Así sentirá el lector este nuevo libro de Patricia Verdugo: una obra que por su coraje, por su servicio desapasionado, sin adjetivos, a la justicia y a la solidaridad con aquel que sufre no sólo por haber sido víctima de un crimen sino, además, porque ha sido privado de toda justicia, recobra en nosotros la esperanza de un futuro distinto para nuestra patria.
El relato nos mostrará que el poder autoritario pudo muchas cosas: desmentir, usar todo su inmenso poder de propaganda para desacreditar a las víctimas, amedrentar primero y encarcelar luego a los testigos, montar juicios, procesos, usar leyes que fueron dictadas por ellos mismos para escamotear la justicia, tener jueces que dictaron increíbles resoluciones mientras entonaban himnos a su independencia y auto alababan la majestad de su función.

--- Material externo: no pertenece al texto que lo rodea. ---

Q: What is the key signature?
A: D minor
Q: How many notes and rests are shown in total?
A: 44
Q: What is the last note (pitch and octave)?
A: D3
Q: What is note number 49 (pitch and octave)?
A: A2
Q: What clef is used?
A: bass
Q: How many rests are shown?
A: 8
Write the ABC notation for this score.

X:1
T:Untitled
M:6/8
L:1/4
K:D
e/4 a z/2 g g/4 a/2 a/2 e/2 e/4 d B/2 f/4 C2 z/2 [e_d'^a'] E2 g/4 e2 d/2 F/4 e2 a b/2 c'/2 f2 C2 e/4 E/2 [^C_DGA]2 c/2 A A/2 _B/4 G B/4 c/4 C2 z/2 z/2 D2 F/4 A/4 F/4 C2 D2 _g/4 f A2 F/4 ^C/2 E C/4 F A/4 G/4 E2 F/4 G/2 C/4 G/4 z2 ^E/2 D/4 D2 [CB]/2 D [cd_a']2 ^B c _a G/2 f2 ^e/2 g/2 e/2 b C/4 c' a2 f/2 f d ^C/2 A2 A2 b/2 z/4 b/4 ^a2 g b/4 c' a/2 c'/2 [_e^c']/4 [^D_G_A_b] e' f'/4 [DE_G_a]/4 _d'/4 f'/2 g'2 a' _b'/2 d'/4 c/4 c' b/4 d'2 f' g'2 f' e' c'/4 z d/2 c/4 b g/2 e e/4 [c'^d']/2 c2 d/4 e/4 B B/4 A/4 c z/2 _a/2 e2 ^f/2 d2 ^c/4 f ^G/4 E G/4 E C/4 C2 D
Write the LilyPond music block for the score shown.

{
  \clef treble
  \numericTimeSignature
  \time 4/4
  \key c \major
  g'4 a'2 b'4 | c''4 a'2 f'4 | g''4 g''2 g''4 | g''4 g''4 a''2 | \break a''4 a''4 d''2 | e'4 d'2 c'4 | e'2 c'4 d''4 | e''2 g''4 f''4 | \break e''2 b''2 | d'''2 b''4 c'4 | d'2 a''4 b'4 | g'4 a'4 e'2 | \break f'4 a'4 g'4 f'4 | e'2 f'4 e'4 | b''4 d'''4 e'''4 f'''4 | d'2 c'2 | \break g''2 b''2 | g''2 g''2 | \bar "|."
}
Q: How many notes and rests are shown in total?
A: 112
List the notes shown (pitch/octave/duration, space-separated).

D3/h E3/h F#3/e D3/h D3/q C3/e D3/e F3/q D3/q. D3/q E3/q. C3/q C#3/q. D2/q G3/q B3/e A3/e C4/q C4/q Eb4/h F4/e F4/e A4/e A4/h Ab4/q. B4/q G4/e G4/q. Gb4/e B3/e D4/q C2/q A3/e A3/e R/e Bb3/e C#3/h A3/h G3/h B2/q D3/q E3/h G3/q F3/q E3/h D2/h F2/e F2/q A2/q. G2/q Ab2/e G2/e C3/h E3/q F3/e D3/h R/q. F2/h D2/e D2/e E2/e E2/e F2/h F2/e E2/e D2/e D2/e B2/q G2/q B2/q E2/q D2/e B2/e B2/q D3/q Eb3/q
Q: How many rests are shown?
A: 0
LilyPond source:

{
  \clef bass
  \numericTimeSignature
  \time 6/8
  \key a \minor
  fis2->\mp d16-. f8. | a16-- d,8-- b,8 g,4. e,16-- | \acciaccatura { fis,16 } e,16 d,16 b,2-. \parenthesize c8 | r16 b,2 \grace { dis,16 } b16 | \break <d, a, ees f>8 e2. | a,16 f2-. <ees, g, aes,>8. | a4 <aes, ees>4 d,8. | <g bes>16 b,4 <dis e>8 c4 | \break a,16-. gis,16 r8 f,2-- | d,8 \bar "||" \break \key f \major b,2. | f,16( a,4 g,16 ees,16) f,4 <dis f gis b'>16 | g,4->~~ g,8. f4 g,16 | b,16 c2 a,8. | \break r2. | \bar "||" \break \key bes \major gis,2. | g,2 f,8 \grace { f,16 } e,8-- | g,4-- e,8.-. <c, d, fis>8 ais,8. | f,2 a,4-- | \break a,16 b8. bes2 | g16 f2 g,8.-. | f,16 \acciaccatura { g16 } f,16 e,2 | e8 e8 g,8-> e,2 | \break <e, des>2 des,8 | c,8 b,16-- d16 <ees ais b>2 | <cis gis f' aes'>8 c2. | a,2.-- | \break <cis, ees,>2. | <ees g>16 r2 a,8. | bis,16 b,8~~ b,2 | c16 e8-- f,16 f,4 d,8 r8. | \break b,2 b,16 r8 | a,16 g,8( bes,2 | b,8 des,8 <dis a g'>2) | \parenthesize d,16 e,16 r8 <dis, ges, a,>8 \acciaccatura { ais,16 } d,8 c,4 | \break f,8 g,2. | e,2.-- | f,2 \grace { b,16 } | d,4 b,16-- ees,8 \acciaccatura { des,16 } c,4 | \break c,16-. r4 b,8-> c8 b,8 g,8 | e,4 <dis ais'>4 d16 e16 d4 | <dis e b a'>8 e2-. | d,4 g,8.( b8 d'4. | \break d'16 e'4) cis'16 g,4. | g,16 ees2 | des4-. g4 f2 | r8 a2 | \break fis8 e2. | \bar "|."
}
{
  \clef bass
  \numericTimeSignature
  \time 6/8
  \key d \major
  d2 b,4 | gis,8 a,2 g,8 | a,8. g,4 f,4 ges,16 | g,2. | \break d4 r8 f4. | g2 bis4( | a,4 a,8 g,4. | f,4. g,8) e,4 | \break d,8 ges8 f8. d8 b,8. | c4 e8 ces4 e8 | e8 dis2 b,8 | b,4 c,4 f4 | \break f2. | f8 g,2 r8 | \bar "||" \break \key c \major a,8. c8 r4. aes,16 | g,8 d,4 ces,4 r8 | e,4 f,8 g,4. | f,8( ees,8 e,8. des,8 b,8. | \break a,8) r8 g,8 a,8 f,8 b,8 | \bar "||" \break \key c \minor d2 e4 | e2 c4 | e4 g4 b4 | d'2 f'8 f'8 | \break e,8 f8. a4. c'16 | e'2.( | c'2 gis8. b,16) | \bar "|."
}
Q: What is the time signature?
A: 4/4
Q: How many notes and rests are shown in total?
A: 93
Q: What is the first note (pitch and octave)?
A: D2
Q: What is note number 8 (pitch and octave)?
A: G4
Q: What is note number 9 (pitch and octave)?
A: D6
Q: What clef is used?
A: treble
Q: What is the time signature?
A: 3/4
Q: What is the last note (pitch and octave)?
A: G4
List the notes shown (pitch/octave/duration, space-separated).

Pero también es cierto que nada de eso en definitiva valdrá. Porque, a veces, sólo basta una voz. Un libro-testimonio. Una mujer inteligente y de coraje que decida, no hablar ella, sino ser instrumento para que a través de su pluma se registren los hechos, las declaraciones de los testigos, los juicios, las resoluciones de los jueces, los discursos de las autoridades. Un recuento puro y simple. Transparente como es la narración de la verdad. Sin ira ni pasión. Escribir como lo hace Patricia Verdugo, simplemente para prestar un servicio a cada persona de esta tierra que, en la intimidad de su conciencia, quiera juzgar esta historia amarga como la hiel.